Course Level
CS0
CS1
Knowledge Unit
Fundamental Programming Concepts
Collection Item Type
Assignment
Synopsis

In this assignment students work as a team to develop chapters of a story where the first and last sentence of the chapter is prescribed. Students first work independently developing their own chapter and then work collaboratively to identify and resolve logical inconsistencies in the chapters in order to produce a final coherent story.  This exercise will allow students to practice problem decomposition, abstraction, and evaluation, and also debugging and testing.

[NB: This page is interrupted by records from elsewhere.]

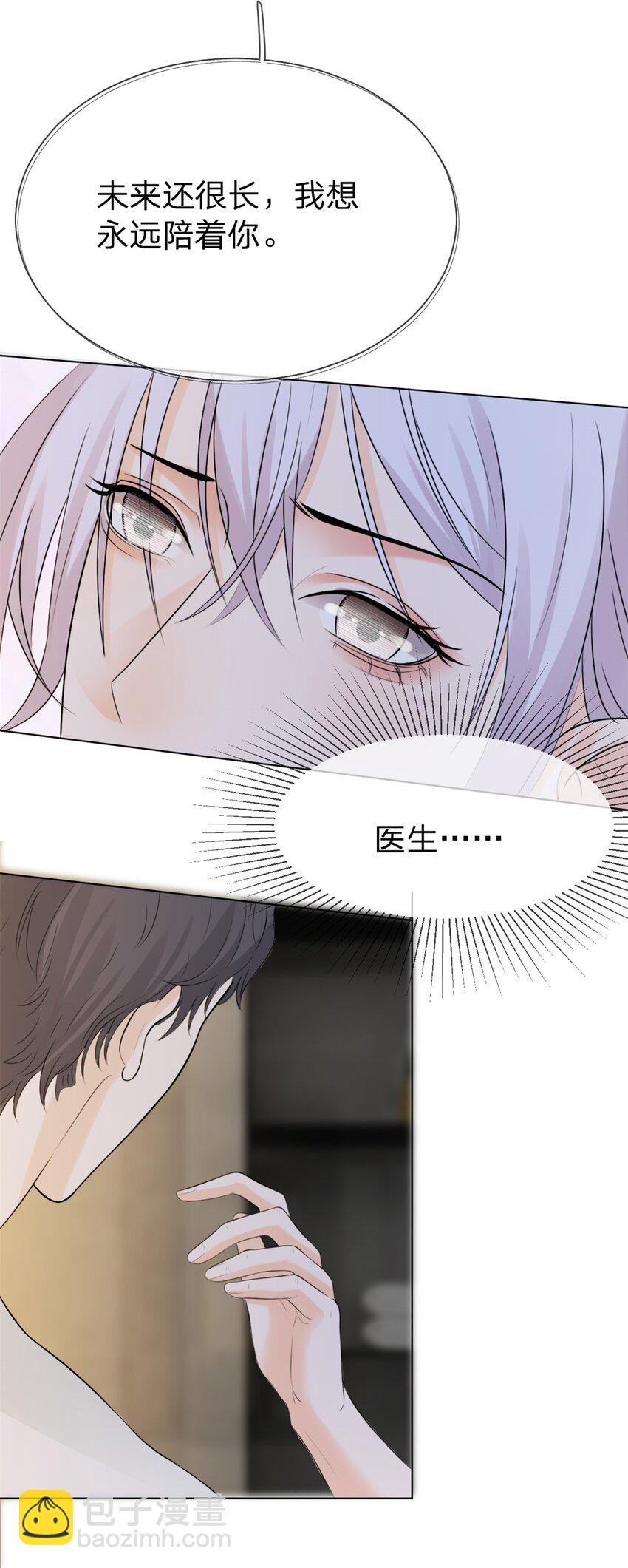 第6话 好想见他的样子-第7话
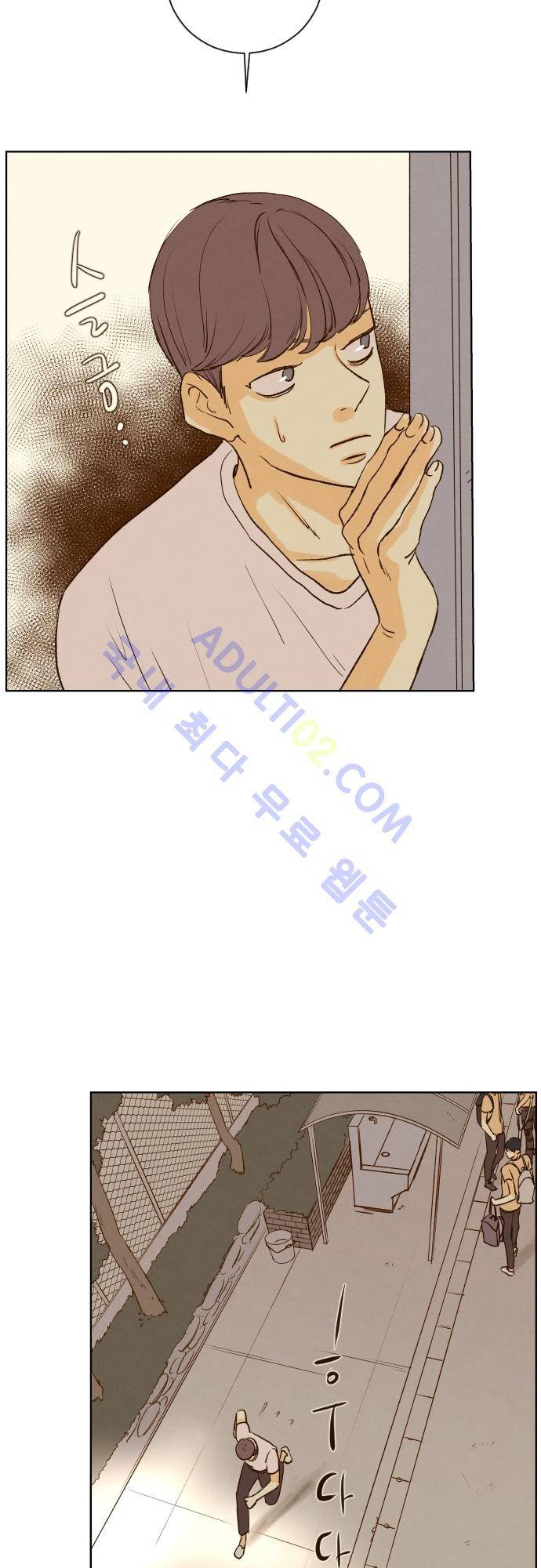 그 해 여름 86화 6
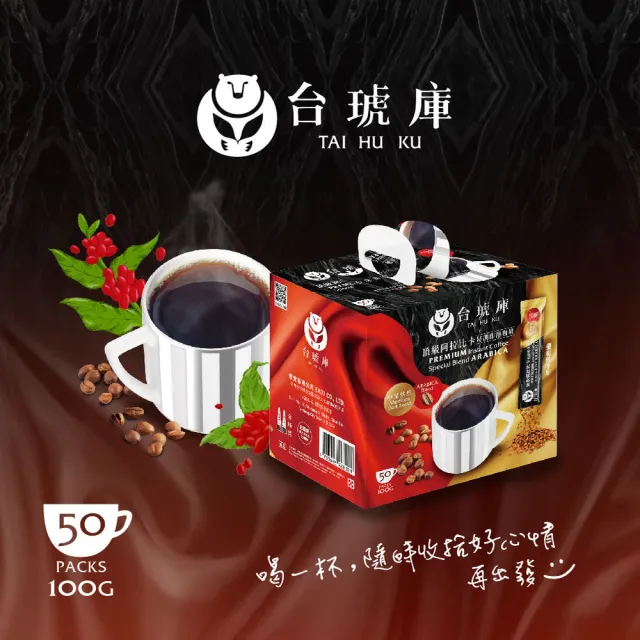 【TAI HU KU 台琥庫】頂級阿拉比卡咖啡特調即溶咖啡(2gx50入/盒)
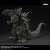Real Master Collection Godzilla 2000 Millennium Template Replica Soft Vinyl Ver. (Completed) Item picture3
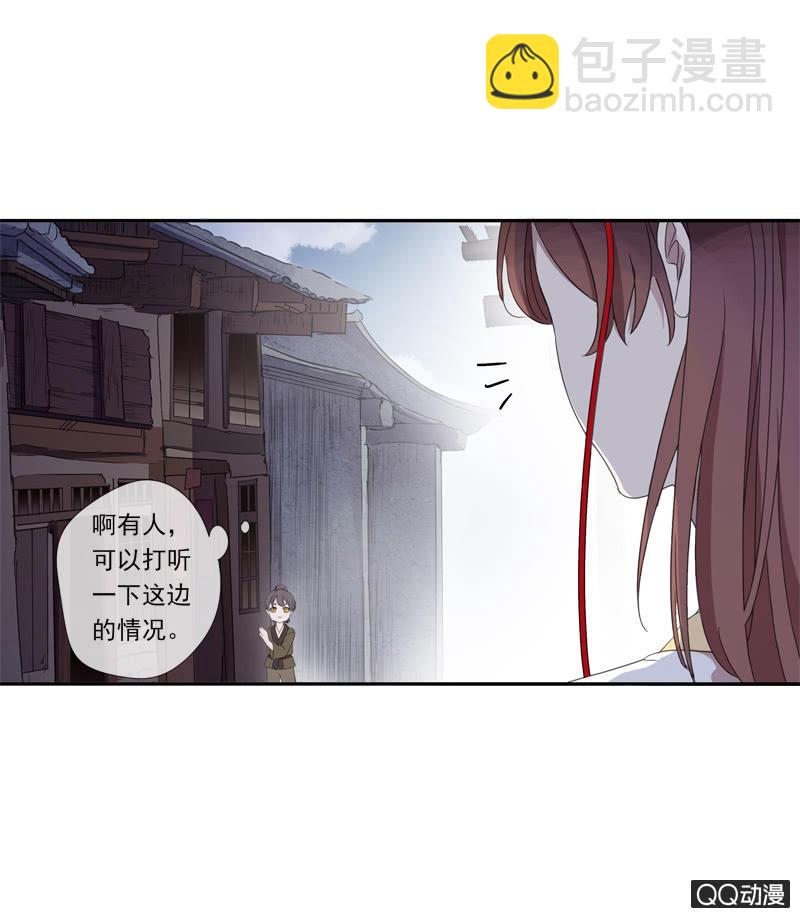 17话-无人村-第17话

This exercise was developed as part of the NSF-funded Computational Creativity project at the University of Nebraska-Lincoln.

Recommendations

Some suggestions:

  • Assign this exercise during the semester when teaching debugging and testing. 
  • It is also good to use this as the middle exercise in our series of Computational Creativity Exercises as this is one that could be seen as outside of students' comfort zone.
  • Encourage students to find the most coherent chapter with respect to the others, use that as an anchor, and then change the other chapters minimally to address the logical inconsistencies.
  • Encourage students to be imaginative, to let their imagination carry them away in their writing of their chapter. Enjoy the storytelling process!
  • Encourage them to not be shy.  However, do encourage teamwork to help bring the chapters into a coherent story. 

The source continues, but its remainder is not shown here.